Work request: The answer is all of the entries below, repeated exactly and free of pictures.

Data for analysis:

_ _ _ _

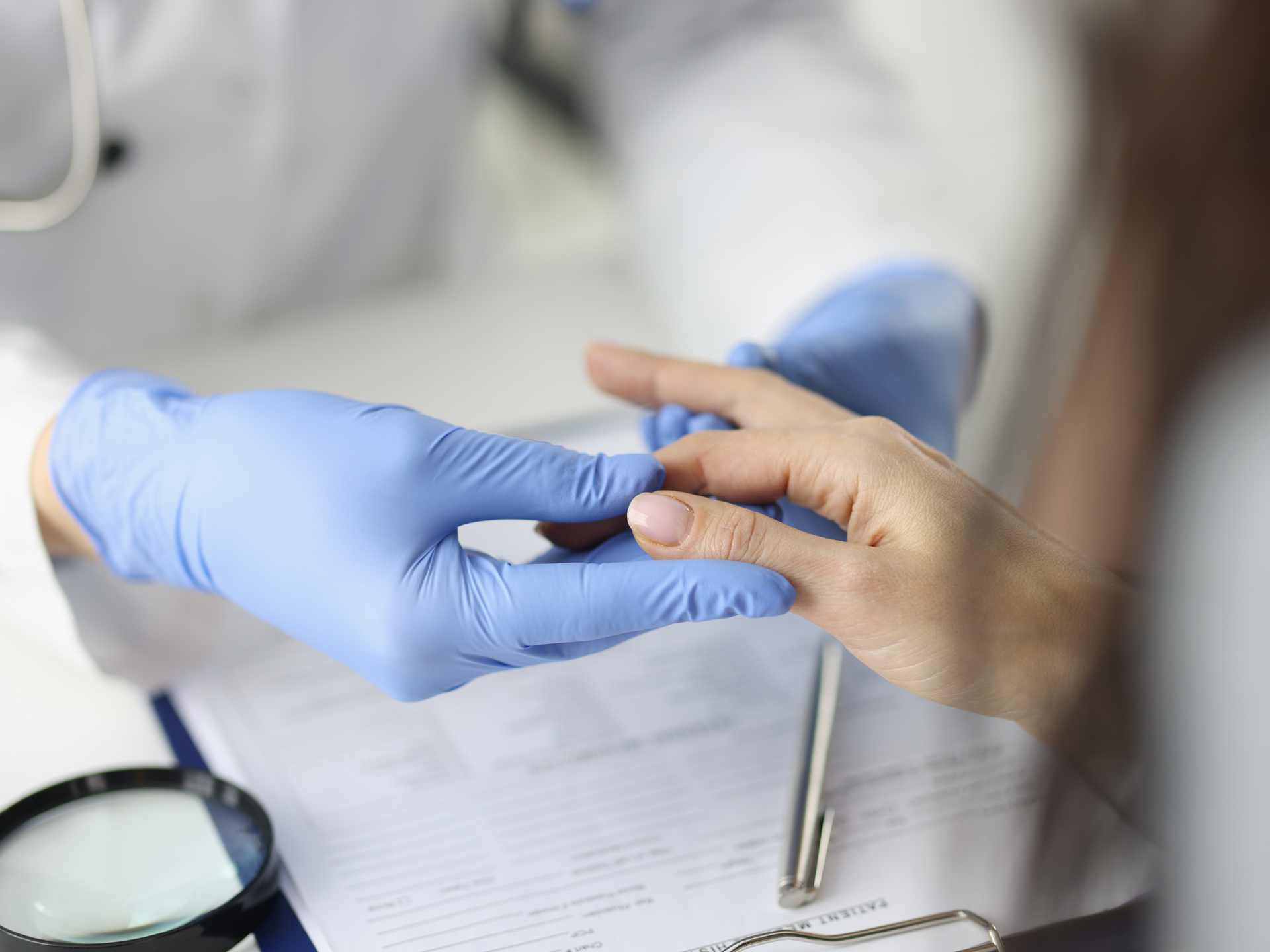  Doctor in gloves examines finger in a medical office.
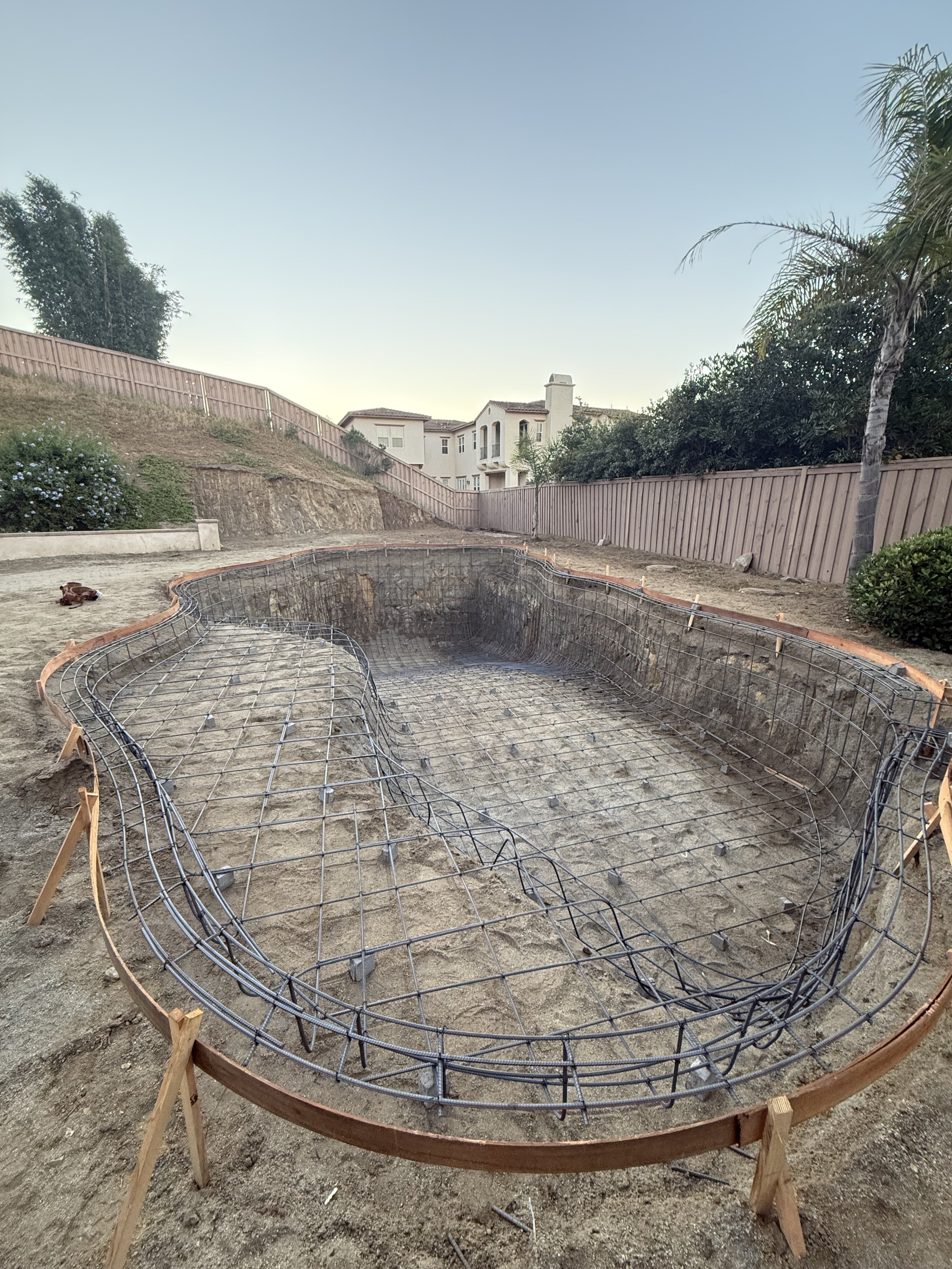 Construction site with an in-ground pool outline and steel rebar reinforcement, surrounded by wooden framing and dirt, in a backyard with trees and residential buildings in the background.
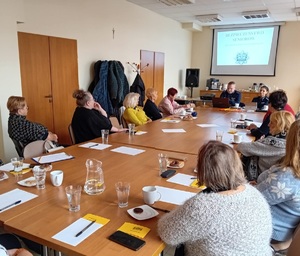 Przy stole siedzi policjant i policjantka, a wokoło osoby. W tle ekran z prezentacją.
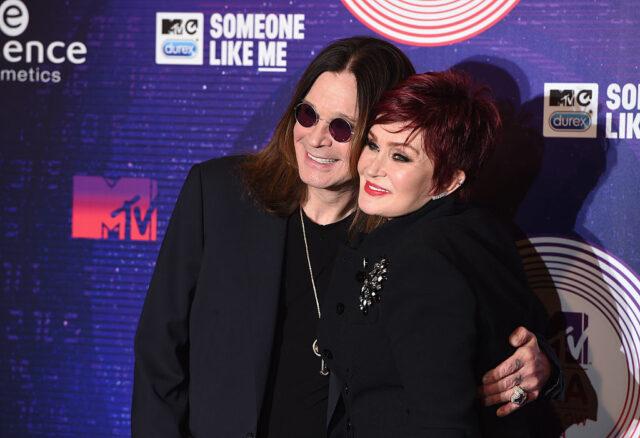 Ozzy and Sharon Osbourne standing together on a red carpet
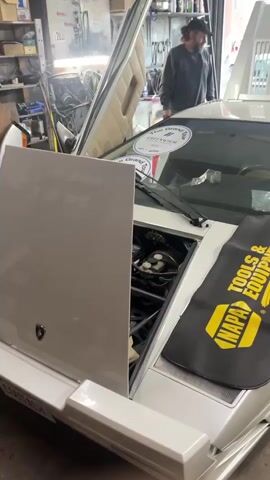 The video shows a white Lamborghini with its gull-wing doors open. The front hood is also open. A black NAPA Tools & Equipment mat sits on the front of the car, near the open hood. The Lamborghini emblem is visible on the hood.  Three men are visible in the background, one with a baseball cap and beard, another with a tattoo on his neck.  The setting appears to be an automotive repair shop.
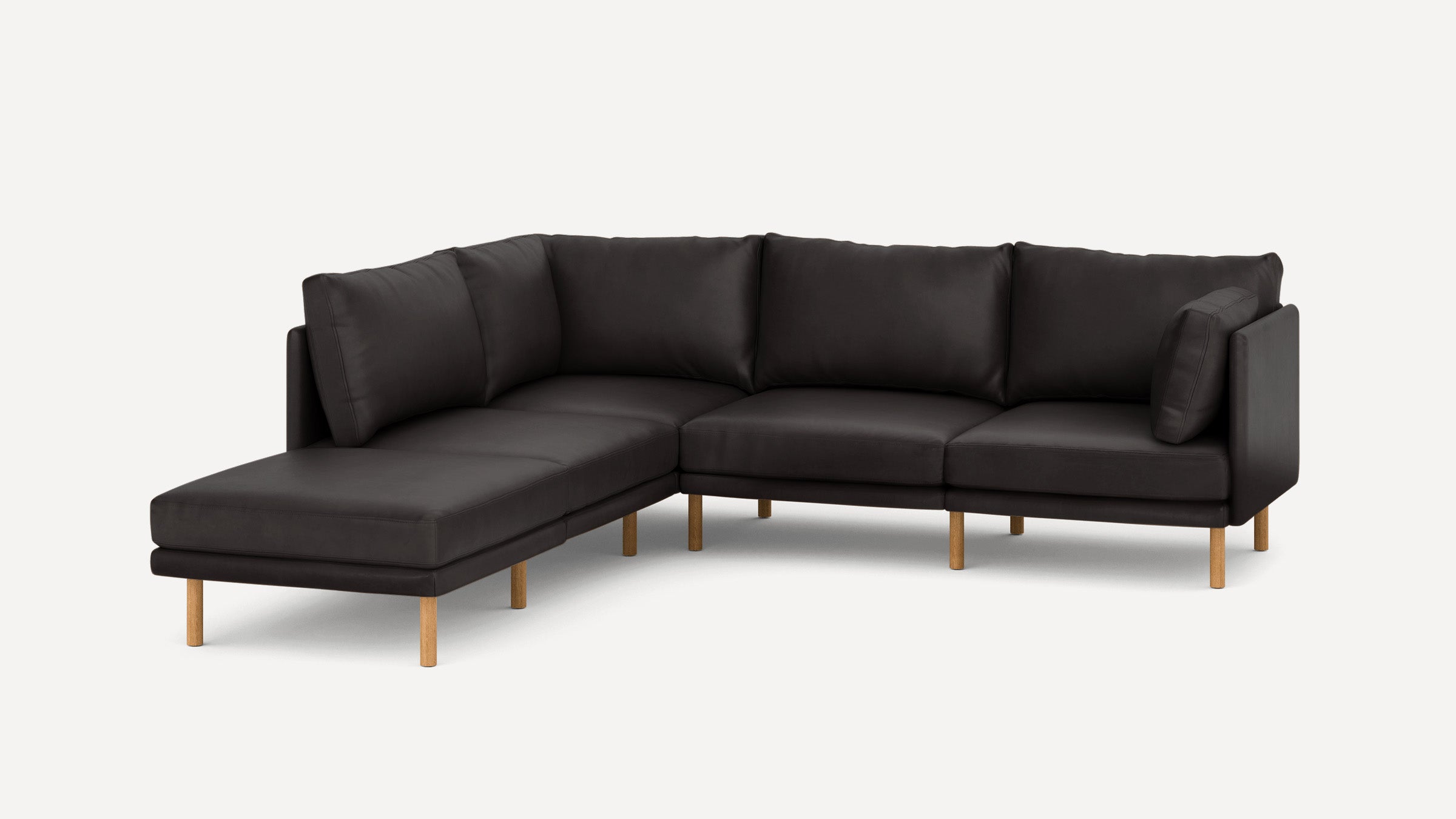 Dark gray L-shaped sectional sofa with plush cushions and light wooden legs on a plain white background.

_ _ _ _

Reply:
  Doctor in gloves examines finger in a medical office.
 Construction site with an in-ground pool outline and steel rebar reinforcement, surrounded by wooden framing and dirt, in a backyard with trees and residential buildings in the background.
 Przy stole siedzi policjant i policjantka, a wokoło osoby. W tle ekran z prezentacją.
 Ozzy and Sharon Osbourne standing together on a red carpet
 The video shows a white Lamborghini with its gull-wing doors open. The front hood is also open. A black NAPA Tools & Equipment mat sits on the front of the car, near the open hood. The Lamborghini emblem is visible on the hood.  Three men are visible in the background, one with a baseball cap and beard, another with a tattoo on his neck.  The setting appears to be an automotive repair shop.
 Dark gray L-shaped sectional sofa with plush cushions and light wooden legs on a plain white background.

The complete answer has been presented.